#### [DESCRIPTION OF THE TASK]
Type out the entries again, matching each one exactly.

Stored entries
++++++++
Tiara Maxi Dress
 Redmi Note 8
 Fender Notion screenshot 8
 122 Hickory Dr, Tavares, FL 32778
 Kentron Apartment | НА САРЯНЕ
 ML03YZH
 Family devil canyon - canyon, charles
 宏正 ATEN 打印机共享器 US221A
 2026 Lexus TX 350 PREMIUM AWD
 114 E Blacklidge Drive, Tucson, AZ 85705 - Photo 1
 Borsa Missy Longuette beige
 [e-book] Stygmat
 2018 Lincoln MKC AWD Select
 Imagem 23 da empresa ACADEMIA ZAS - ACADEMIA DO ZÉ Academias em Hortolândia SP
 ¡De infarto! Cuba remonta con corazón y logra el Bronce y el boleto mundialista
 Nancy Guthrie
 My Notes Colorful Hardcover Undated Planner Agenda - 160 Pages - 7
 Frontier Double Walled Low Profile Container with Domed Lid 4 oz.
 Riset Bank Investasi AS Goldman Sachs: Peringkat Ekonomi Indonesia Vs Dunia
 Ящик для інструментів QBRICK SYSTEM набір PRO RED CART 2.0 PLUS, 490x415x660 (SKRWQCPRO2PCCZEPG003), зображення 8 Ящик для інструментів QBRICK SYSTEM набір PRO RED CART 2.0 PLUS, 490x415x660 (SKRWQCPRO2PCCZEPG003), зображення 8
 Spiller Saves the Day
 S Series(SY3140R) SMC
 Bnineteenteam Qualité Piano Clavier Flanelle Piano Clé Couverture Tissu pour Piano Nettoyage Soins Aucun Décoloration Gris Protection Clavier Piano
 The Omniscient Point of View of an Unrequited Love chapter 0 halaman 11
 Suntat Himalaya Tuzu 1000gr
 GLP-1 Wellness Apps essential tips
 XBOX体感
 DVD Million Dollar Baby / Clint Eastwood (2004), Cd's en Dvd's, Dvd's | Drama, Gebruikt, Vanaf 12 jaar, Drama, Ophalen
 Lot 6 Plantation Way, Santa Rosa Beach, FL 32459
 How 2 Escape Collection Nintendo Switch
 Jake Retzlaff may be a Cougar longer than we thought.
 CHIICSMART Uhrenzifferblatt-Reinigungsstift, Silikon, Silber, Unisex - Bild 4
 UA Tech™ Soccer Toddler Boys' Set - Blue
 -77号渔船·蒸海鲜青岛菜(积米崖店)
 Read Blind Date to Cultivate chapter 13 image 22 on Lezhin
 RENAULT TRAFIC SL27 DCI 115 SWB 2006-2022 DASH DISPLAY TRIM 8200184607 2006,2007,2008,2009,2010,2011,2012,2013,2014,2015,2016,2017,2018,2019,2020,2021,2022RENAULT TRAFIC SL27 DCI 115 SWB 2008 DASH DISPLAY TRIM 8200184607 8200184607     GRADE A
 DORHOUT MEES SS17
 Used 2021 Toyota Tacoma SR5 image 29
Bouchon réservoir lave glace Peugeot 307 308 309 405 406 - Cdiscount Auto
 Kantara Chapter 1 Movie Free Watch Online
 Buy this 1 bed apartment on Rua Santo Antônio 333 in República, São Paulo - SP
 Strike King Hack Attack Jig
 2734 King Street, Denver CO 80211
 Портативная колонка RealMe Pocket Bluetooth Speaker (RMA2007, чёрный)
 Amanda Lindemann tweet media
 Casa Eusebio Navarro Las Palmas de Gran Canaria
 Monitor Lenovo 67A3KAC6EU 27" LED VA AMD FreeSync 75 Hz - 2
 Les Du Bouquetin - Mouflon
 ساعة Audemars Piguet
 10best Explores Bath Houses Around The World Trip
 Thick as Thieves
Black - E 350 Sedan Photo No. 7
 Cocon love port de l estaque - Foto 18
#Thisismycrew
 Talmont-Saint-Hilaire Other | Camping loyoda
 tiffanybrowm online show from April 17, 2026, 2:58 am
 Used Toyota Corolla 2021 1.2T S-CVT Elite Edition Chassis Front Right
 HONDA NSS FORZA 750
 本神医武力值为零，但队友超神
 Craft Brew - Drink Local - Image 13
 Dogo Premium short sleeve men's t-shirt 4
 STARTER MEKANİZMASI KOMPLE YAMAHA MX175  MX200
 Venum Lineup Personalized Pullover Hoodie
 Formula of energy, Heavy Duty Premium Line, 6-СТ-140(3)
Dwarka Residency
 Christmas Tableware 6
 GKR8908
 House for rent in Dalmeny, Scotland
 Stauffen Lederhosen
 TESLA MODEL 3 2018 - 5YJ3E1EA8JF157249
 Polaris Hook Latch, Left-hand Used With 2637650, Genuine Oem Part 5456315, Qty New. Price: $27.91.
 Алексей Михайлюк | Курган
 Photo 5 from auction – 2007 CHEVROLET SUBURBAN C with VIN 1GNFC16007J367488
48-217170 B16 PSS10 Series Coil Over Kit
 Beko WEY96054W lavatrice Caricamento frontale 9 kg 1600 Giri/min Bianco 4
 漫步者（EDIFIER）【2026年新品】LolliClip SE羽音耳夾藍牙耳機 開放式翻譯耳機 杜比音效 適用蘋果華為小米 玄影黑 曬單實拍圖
++++++++
#### [SOLUTION TO THE PROBLEM]
Tiara Maxi Dress
 Redmi Note 8
 Fender Notion screenshot 8
 122 Hickory Dr, Tavares, FL 32778
 Kentron Apartment | НА САРЯНЕ
 ML03YZH
 Family devil canyon - canyon, charles
 宏正 ATEN 打印机共享器 US221A
 2026 Lexus TX 350 PREMIUM AWD
 114 E Blacklidge Drive, Tucson, AZ 85705 - Photo 1
 Borsa Missy Longuette beige
 [e-book] Stygmat
 2018 Lincoln MKC AWD Select
 Imagem 23 da empresa ACADEMIA ZAS - ACADEMIA DO ZÉ Academias em Hortolândia SP
 ¡De infarto! Cuba remonta con corazón y logra el Bronce y el boleto mundialista
 Nancy Guthrie
 My Notes Colorful Hardcover Undated Planner Agenda - 160 Pages - 7
 Frontier Double Walled Low Profile Container with Domed Lid 4 oz.
 Riset Bank Investasi AS Goldman Sachs: Peringkat Ekonomi Indonesia Vs Dunia
 Ящик для інструментів QBRICK SYSTEM набір PRO RED CART 2.0 PLUS, 490x415x660 (SKRWQCPRO2PCCZEPG003), зображення 8 Ящик для інструментів QBRICK SYSTEM набір PRO RED CART 2.0 PLUS, 490x415x660 (SKRWQCPRO2PCCZEPG003), зображення 8
 Spiller Saves the Day
 S Series(SY3140R) SMC
 Bnineteenteam Qualité Piano Clavier Flanelle Piano Clé Couverture Tissu pour Piano Nettoyage Soins Aucun Décoloration Gris Protection Clavier Piano
 The Omniscient Point of View of an Unrequited Love chapter 0 halaman 11
 Suntat Himalaya Tuzu 1000gr
 GLP-1 Wellness Apps essential tips
 XBOX体感
 DVD Million Dollar Baby / Clint Eastwood (2004), Cd's en Dvd's, Dvd's | Drama, Gebruikt, Vanaf 12 jaar, Drama, Ophalen
 Lot 6 Plantation Way, Santa Rosa Beach, FL 32459
 How 2 Escape Collection Nintendo Switch
 Jake Retzlaff may be a Cougar longer than we thought.
 CHIICSMART Uhrenzifferblatt-Reinigungsstift, Silikon, Silber, Unisex - Bild 4
 UA Tech™ Soccer Toddler Boys' Set - Blue
 -77号渔船·蒸海鲜青岛菜(积米崖店)
 Read Blind Date to Cultivate chapter 13 image 22 on Lezhin
 RENAULT TRAFIC SL27 DCI 115 SWB 2006-2022 DASH DISPLAY TRIM 8200184607 2006,2007,2008,2009,2010,2011,2012,2013,2014,2015,2016,2017,2018,2019,2020,2021,2022RENAULT TRAFIC SL27 DCI 115 SWB 2008 DASH DISPLAY TRIM 8200184607 8200184607     GRADE A
 DORHOUT MEES SS17
 Used 2021 Toyota Tacoma SR5 image 29
Bouchon réservoir lave glace Peugeot 307 308 309 405 406 - Cdiscount Auto
 Kantara Chapter 1 Movie Free Watch Online
 Buy this 1 bed apartment on Rua Santo Antônio 333 in República, São Paulo - SP
 Strike King Hack Attack Jig
 2734 King Street, Denver CO 80211
 Портативная колонка RealMe Pocket Bluetooth Speaker (RMA2007, чёрный)
 Amanda Lindemann tweet media
 Casa Eusebio Navarro Las Palmas de Gran Canaria
 Monitor Lenovo 67A3KAC6EU 27" LED VA AMD FreeSync 75 Hz - 2
 Les Du Bouquetin - Mouflon
 ساعة Audemars Piguet
 10best Explores Bath Houses Around The World Trip
 Thick as Thieves
Black - E 350 Sedan Photo No. 7
 Cocon love port de l estaque - Foto 18
#Thisismycrew
 Talmont-Saint-Hilaire Other | Camping loyoda
 tiffanybrowm online show from April 17, 2026, 2:58 am
 Used Toyota Corolla 2021 1.2T S-CVT Elite Edition Chassis Front Right
 HONDA NSS FORZA 750
 本神医武力值为零，但队友超神
 Craft Brew - Drink Local - Image 13
 Dogo Premium short sleeve men's t-shirt 4
 STARTER MEKANİZMASI KOMPLE YAMAHA MX175  MX200
 Venum Lineup Personalized Pullover Hoodie
 Formula of energy, Heavy Duty Premium Line, 6-СТ-140(3)
Dwarka Residency
 Christmas Tableware 6
 GKR8908
 House for rent in Dalmeny, Scotland
 Stauffen Lederhosen
 TESLA MODEL 3 2018 - 5YJ3E1EA8JF157249
 Polaris Hook Latch, Left-hand Used With 2637650, Genuine Oem Part 5456315, Qty New. Price: $27.91.
 Алексей Михайлюк | Курган
 Photo 5 from auction – 2007 CHEVROLET SUBURBAN C with VIN 1GNFC16007J367488
48-217170 B16 PSS10 Series Coil Over Kit
 Beko WEY96054W lavatrice Caricamento frontale 9 kg 1600 Giri/min Bianco 4
 漫步者（EDIFIER）【2026年新品】LolliClip SE羽音耳夾藍牙耳機 開放式翻譯耳機 杜比音效 適用蘋果華為小米 玄影黑 曬單實拍圖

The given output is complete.